3 thoughts on “pathos, policy, and the culture of poverty”

  1. At a recent conference I talked about the experiences of one Mexican immigrant worker who, as you mentioned above, had learned to organize, stock, and keep inventory of food products at a Korean grocery using product bar codes. Upon arriving to the Korean grocery (where an employment agency for undocumented immigrants in New York had sent him to work) he was faced with the challenge of trying to decipher dozens of different kinds of Korean foods that he had never encountered in his life. Speaking Spanish, and no English or Korean (yet), he was put to work without formal job training or instructions from his Korean employers on what to do. Since most of the signs on the packages are in Hangul script, the Korean alphabet, the bar code numbers were the key. He created a system to distinguish all the products efficiently and then taught his system to his coworkers who praise him for his ingenuity. He told me he can recite, from memory, over 100 bar code combinations for different Korean foods which I thought was pretty fascinating.
    I have received some interesting responses in regards to these grocery store experiences. While I perceived his bar code system as an example of creativity and adaptability to solve a very immediate and important problem at the work place, others have viewed it as quaint or just another example of labor exploitation of “uneducated” immigrants who can’t really fend for themselves. On my way out, one conference attendee said with a courteous smile, “nice story,” which admittedly left me somewhat deflated. Perhaps for some my story lacks immediate relevance for developing the “complex diagnostic tools” to cure society of it’s so-called Immigrant Problem.
    By refusing to place my story within the oppressor-oppressed context, I think it becomes more difficult for others to engage and enact their “pathos.” Mexican immigrants, like many other immigrants, can in fact cope with difficult situations, and I am discovering just how interesting and extensive their “systems” are, beyond bar codes. But I wonder when (or if) it will become easier to talk about my stories and stories like mine, not just as anecdotes or dismissals. I think there is much to learn when we observe what people do to manage situations on their own terms.

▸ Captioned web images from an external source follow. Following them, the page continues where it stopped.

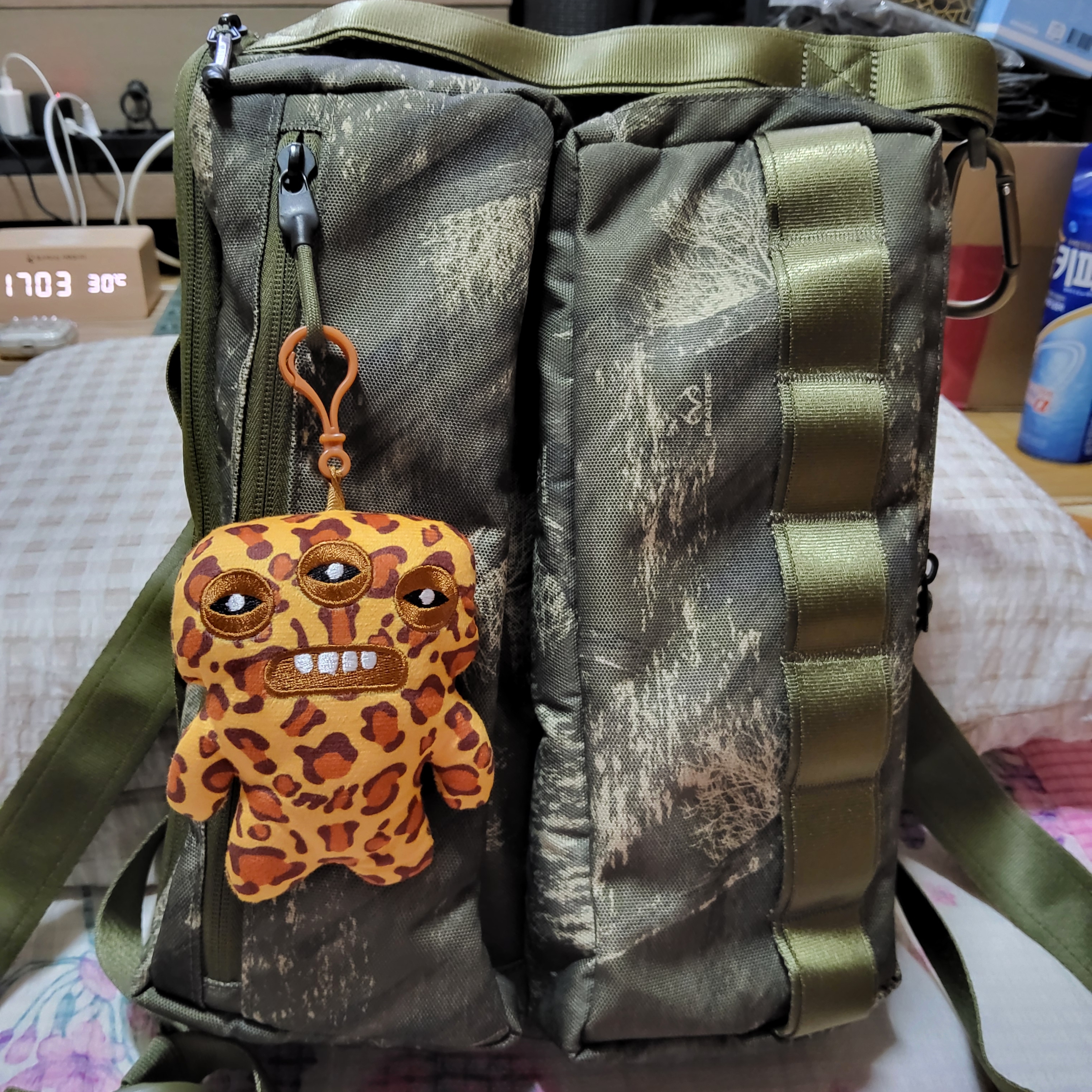 Fuggler Alien Keyring Leopard 착용 스타일 - 3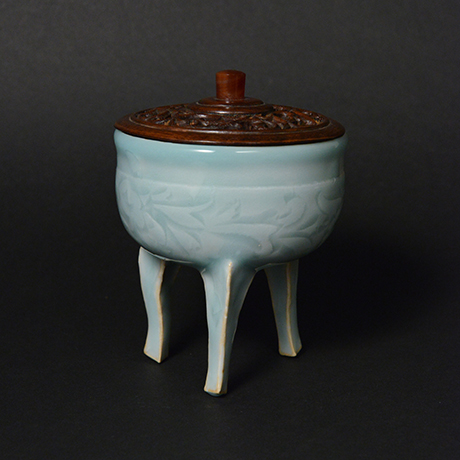 「16.　塚本快示　青磁牡丹文香爐 / TSUKAMOTO Kaiji　Incense container, Celadon, with peony design」の写真　その3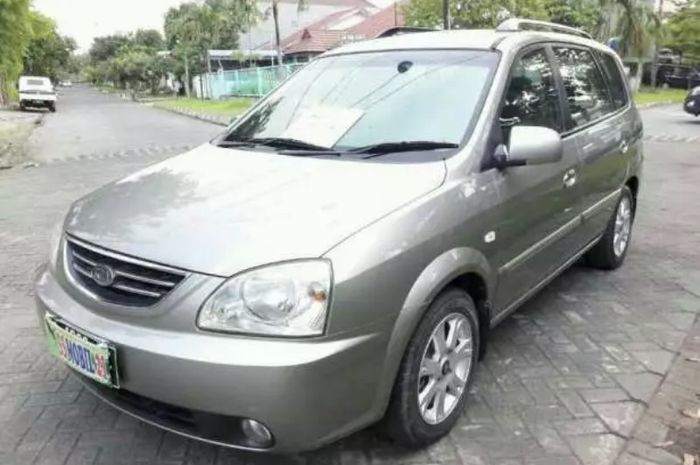 Kia Carens II hadir mulai tahun 2003 sampai 2007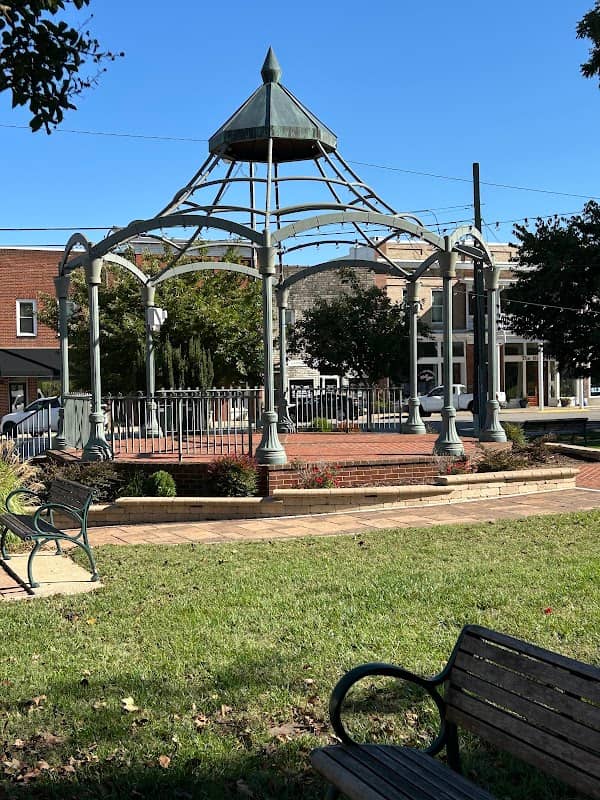 Franklin public concert hall and park - Image 1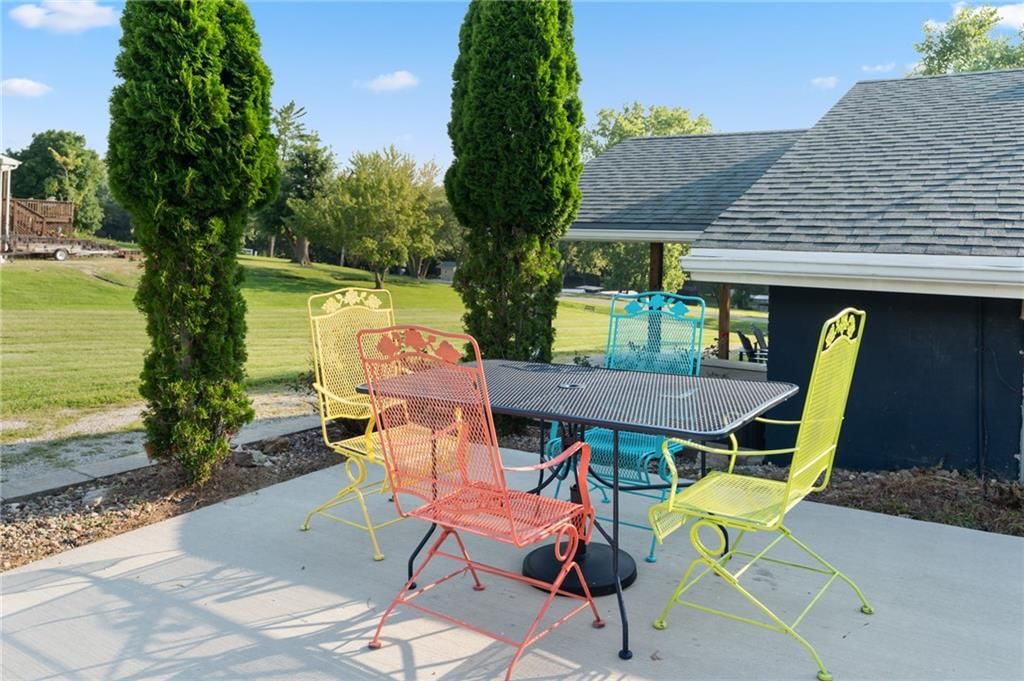 Photo 6 of 40 - 167 Lake Viking Terrace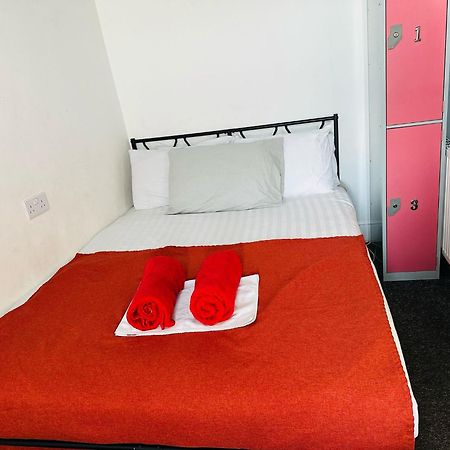 Backpackers Blackpool Hotel & Suites 外观 照片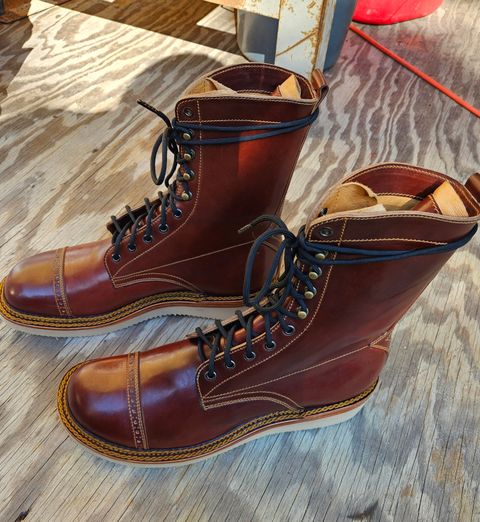Photo by RaTiOnCrItOP on August 21, 2025 of the Caswell Boot Company Caswell x Fortis in Horween Garnet Shell Cordovan.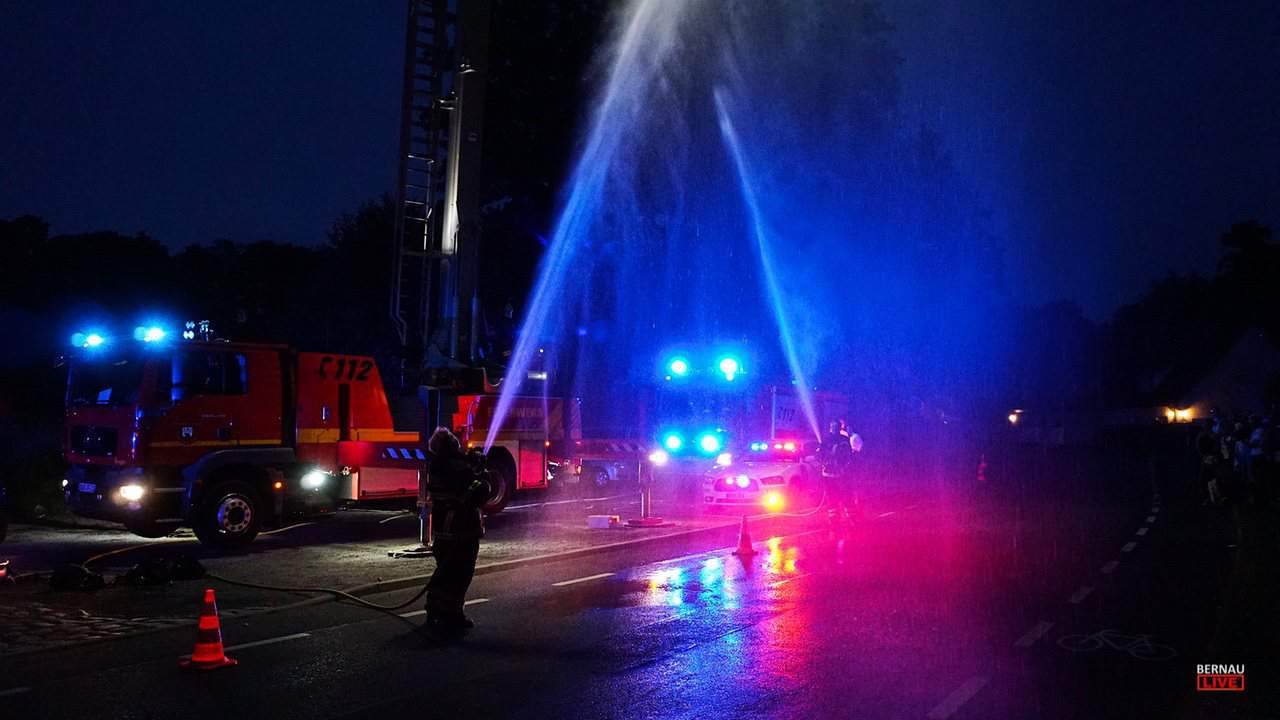Feuerwehr Bernau: Drehleiter, Wasser und Blumen zur Hochzeit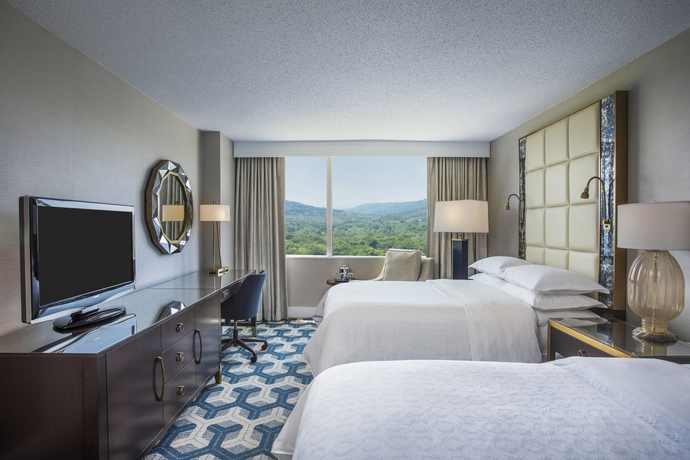 Imagen de la habitación del Hotel Sheraton Mahwah. Foto 7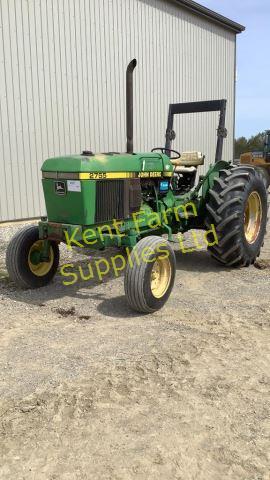 JOHN DEERE 2755 TRACTOR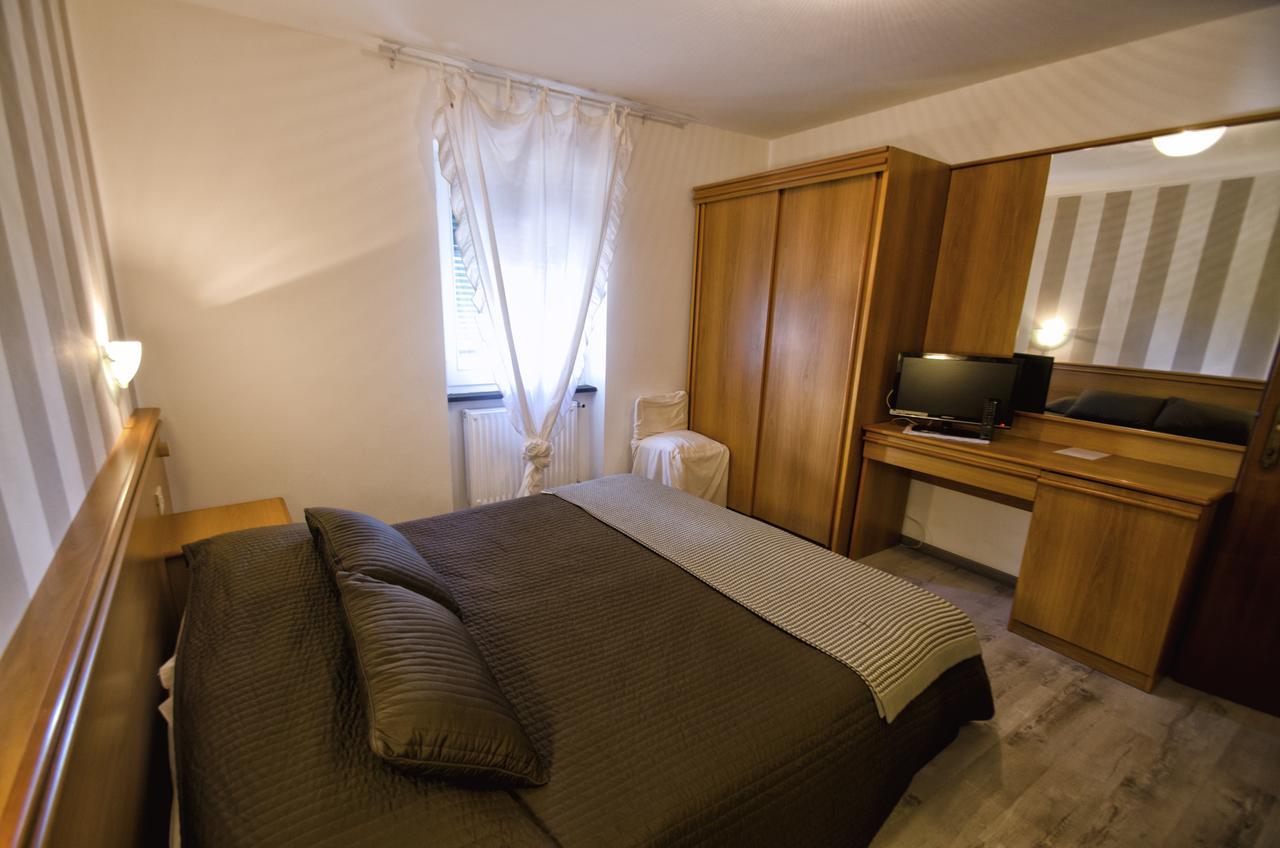 Albergo La Veranda Tavarone Esterno foto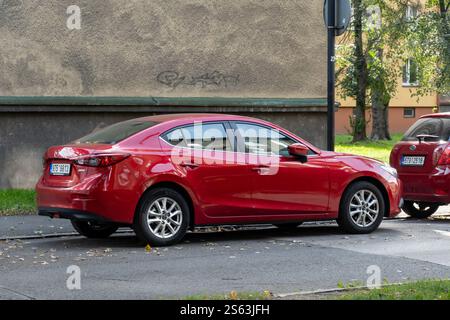 OSTRAVA, TSCHECHIEN - 4. OKTOBER 2023: Red Mazda 3 (BM, BN, 3. Generation) in Limousine mit Leichtmetallfelgen Stockfoto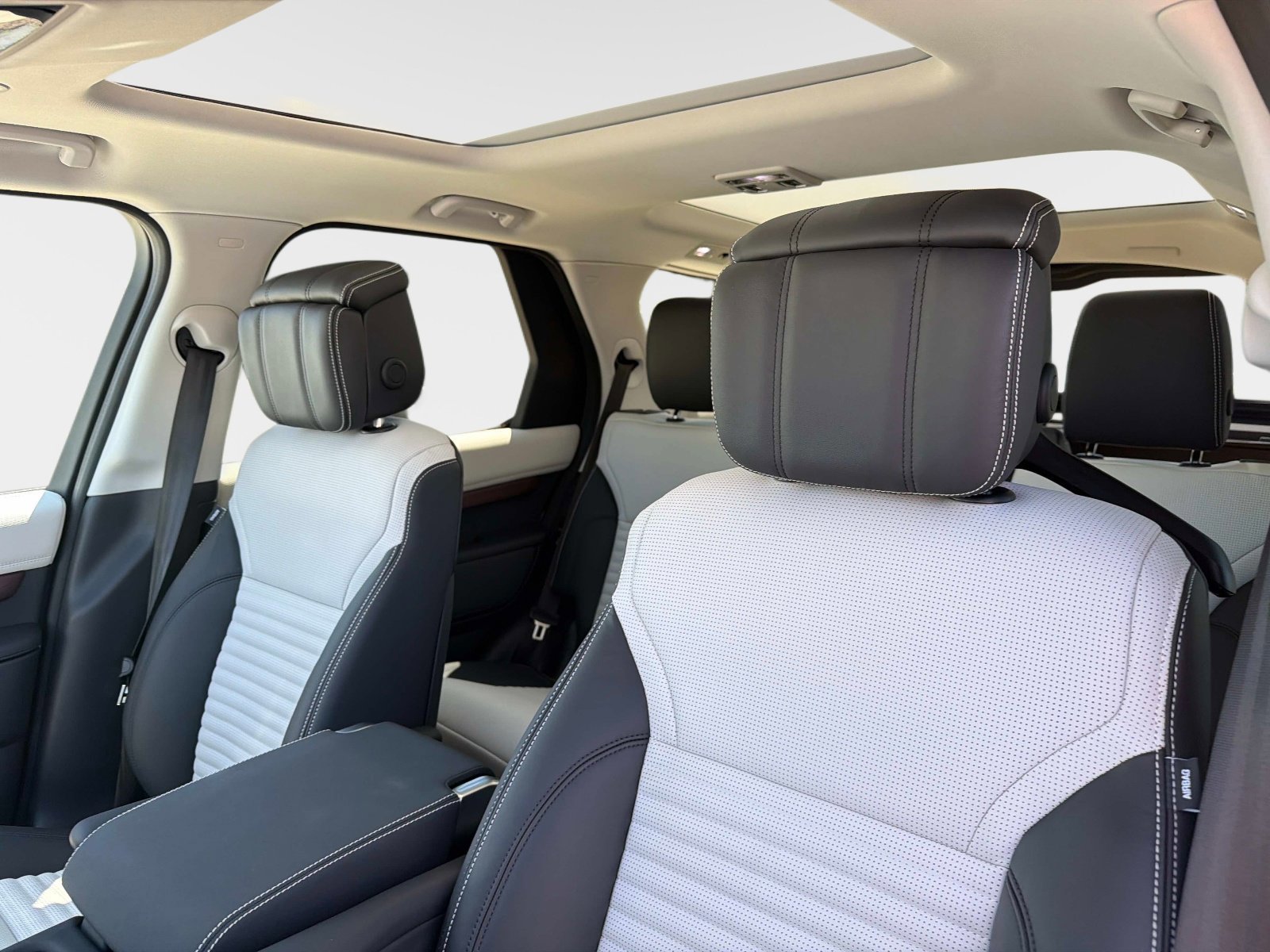 New 2026 Land Rover Discovery Dynamic SE AWD/4WD image 20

  2. You can push the “poverty as pathos” genre back to London Labour and the London Poor (1861). Mayhew’s book is filled with ethnographic vignettes and suspect statistics linked to area maps aimed at showing the intensity of crime, ignorance (illiteracy) and illegitimacy among the working poor of mid 19th century London.

    But, the larger intellectual formulation which allows poverty to be read as either an exercise in moral failure or an exercise in producing pathos (the other side of the same claim) can be found in the argument between Adam Smith and Thomas Malthus. Smith argued that the spread of capitalism would lead to a direct correlation between national wealth and the condition of the lower classes. Malthus countered that the population principle would prevent a direct correlation between rising national wealth and the lower classes, leaving the poor to be mired in “misery and vice.”

    It is the work of Malthus that allowed Mayhew to explore the speciation of the poor in London as it was the work of Malthus that allowed Darwin to explore the speciation of finches and develop natural selection. There is a much richer history here involving debates over and changes to he Poor Laws around the time of Malthus. There are some threads in those old arguments worth weaving into current arguments, but for the most part we live under the assumptions of Malthus and poverty is seen in Malthusian terms.

    To quote Himmelfarb: “It is one of the many ironies of the period that just at the time the poor were finally relieved of the stigma of pauperism, when they seemed to be following the model laid down by Adam Smith rather than that of Malthus. Mayhew came along and, with the most laudable intentions and the most generous of sympathies, inflicted upon the poor a new stigma and saddled society with a new problem, the “culture of poverty.” (Himmelfarb 1984:370)

    Himmelfarb, G.
    1984 The Idea of Poverty. Random House.
    Mayhew, Henry
    1986[1861]. London Labour and the London Poor (Penguin Classics). Penguin Classics.